The idea of completing the square, otherwise abbreviated as CTS, is not necessarily complex, but it's a bit involved. First, let's remember that a quadratic equation is of the following format:
#ax^2 + bx + c = 0#, where #a, b# and #c# are coefficients of the equation. Coefficient is just a fancy word for numbers attached to the variable (in this case, the variable x). For this equation, we can easily identify our #a, b# and #c# numbers! Just eyeball it.

#a = 1#, since #x^2 = 1 \cdot x^2#.
#b = -14#
#c = 33#

Now that we've got that out of the way, let's consider the following algebraic term: #r = (\frac{b}{2a})^2#. Our goal is now to calculate #r#. I'll explain what this means a bit later on, but if I do so now, you'll get bogged down.

So, #r = (\frac{b}{2a})^2 = (\frac{-14}{2\cdot 1})^2 = (-7)^2 = 49#

Great. But, now what? Well, we add 49 to both sides of the equation! Analyze how I add it in, though.

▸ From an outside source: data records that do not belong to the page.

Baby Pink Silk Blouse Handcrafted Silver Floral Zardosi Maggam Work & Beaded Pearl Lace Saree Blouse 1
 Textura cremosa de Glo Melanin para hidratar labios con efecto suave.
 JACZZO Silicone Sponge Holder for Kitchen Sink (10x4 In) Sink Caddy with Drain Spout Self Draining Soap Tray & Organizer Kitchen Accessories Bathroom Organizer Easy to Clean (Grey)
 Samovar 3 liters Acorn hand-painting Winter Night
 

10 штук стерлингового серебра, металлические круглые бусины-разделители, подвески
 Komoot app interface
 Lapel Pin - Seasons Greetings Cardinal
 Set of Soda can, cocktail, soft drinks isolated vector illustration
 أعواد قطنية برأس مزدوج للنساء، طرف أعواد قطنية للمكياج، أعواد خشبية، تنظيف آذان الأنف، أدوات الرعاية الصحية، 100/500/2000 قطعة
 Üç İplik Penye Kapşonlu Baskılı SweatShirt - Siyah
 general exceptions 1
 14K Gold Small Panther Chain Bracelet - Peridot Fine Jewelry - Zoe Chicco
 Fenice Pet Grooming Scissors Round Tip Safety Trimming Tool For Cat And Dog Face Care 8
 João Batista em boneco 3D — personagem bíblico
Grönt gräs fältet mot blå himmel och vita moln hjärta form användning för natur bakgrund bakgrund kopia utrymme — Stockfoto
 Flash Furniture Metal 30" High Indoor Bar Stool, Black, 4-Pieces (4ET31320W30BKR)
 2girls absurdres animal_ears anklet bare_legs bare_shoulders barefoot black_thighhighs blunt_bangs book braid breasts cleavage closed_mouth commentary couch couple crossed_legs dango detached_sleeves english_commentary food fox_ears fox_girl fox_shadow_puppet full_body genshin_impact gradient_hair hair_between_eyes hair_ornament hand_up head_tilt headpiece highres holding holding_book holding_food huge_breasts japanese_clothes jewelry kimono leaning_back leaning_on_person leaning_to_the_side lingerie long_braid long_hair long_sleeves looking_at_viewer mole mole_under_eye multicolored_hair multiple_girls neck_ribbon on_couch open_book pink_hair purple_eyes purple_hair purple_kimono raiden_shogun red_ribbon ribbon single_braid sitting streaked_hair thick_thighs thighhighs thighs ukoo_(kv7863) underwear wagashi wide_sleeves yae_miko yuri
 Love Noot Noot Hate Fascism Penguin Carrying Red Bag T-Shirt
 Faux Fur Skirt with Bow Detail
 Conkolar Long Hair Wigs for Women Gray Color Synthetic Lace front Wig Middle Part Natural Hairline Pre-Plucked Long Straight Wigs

#(x^2 -14x + 49) + 33 = 49#.

See what I did there? I injected 49 conveniently, right next to -14x. The question you should be asking is, #why?# Well, this is factorable! In fact, it factors into the following:

#(x - 7)^2 + 33 = 49#
Notice how we used the term #\frac{b}{2a} = \frac{-14}{2 \cdot 1} = -7# to find the factored form.

Now, let's subtract 33 from both sides.
#(x - 7)^2 = 16#

Now, this is the easy-peezy-lemon-squeazy part. Take the square root of both sides. In doing so, you'll get rid of the exponential 2 on the left side of your equation and on the right side, you'll take the square root of 16. So,

#\sqrt{(x-7)^2} = \sqrt{16}#
simplifies to
#x - 7 = \pm 4#

Which further simplifies to

#x = 7 \pm 4#.

Your solutions are: #x_{1} = 7+4 = 11# or #x_{2} = 7 - 4 = 3#. That's about it.

Explanation of the #r = (\frac{b}{2a})^2# term:
This comes from the proof of the quadratic formula. In fact, one of the ways in which we prove the quadratic formula is through the CTS methodology.